Short version: I’m seeking a solution to how to do 1:m matching of cases and controls without replacement, *given a file in long (“edge”) format of all possible matching pairs.* Code to create sample data occurs at the end of this post.

Longer version:
In corresponding off-list with Rima Saliba about this problem, I discovered, that the code I had posted here several years ago in response to a question about this problem is wrong.

While there have been a number of threads over the year about case control matching, (see e.g. here). I now have encountered and refined the problem in a way that seems different enough from previous work to be worth posting in a more generalized way. What follows is my refined version of the problem, to which I'm interested in solutions.

Via the use of -joinby- or perhaps -rangejoin- or -cross-, one can have a file that pairs up cases or treatment subjects with matching potential controls. In such situations, analysts may want to have 1:m matching *without replacement.* Complications include that:
1) The controls that match one case/treatment subject may match many others.
2) There are varying numbers of controls available for each case, in general more or perhaps less than m
3) If possible, one wants to avoid too “greedy” an algorithm, which can result in the extreme in one case getting assigned all m controls and some other similar case getting 0.

I have the idea that some solution involving -merge- should be possible, per some earlier threads, but I have not successfully figured how to do that. I also have the thought that one of the many built-in or community-contributed matching commands might be used, but I have not worked that out either. I *have* discovered, that some of the “greediness” problem can be avoided by having an algorithm that picks only *1* control without replacement for every case, and then applying this iteratively, so a solution that only picks one control per case would solve the problem.
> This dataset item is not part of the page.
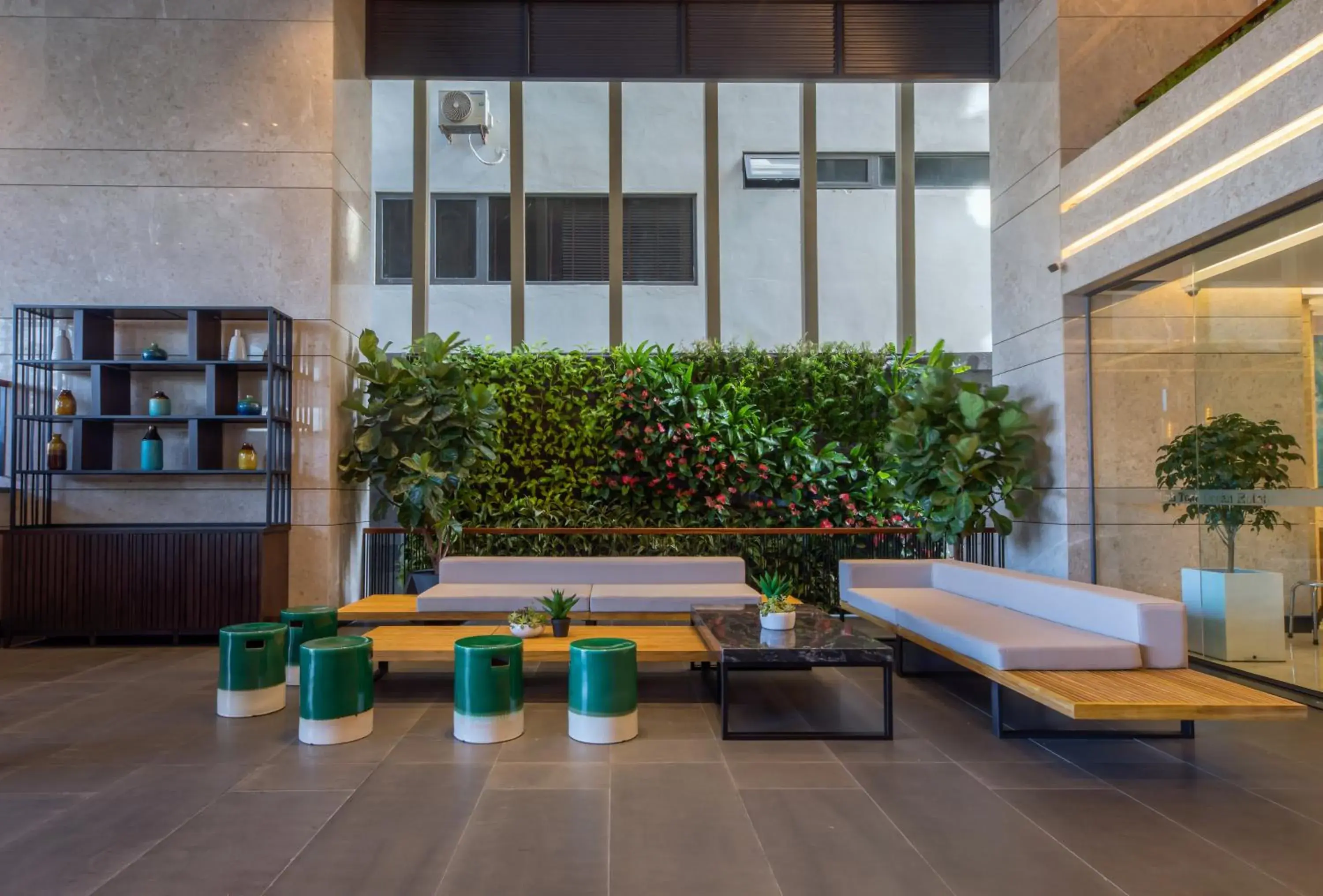 Property building in Minh Toan SAFI Ocean Hotel Property building in Minh Toan SAFI Ocean Hotel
In that context, here is a code snippet to create what I’d consider a representative kind of data set with which to work:

Code:
// Create an “edge” file of matched pairs.
set seed 82743
local ncases = 100
local maxmatch = 100
local maxcontrolid = 2000
clear
set obs `ncases'
gen int caseid = _n
gen navail = ceil(runiform() * `maxmatch')
label var navail "# controls matched to this case"
expand navail
gen int controlid = ceil(runiform() * `maxcontrolid')
summ navail
order caseid controlid

I realize that “without replacement“ is not necessarily analytically preferable, but that’s another issue.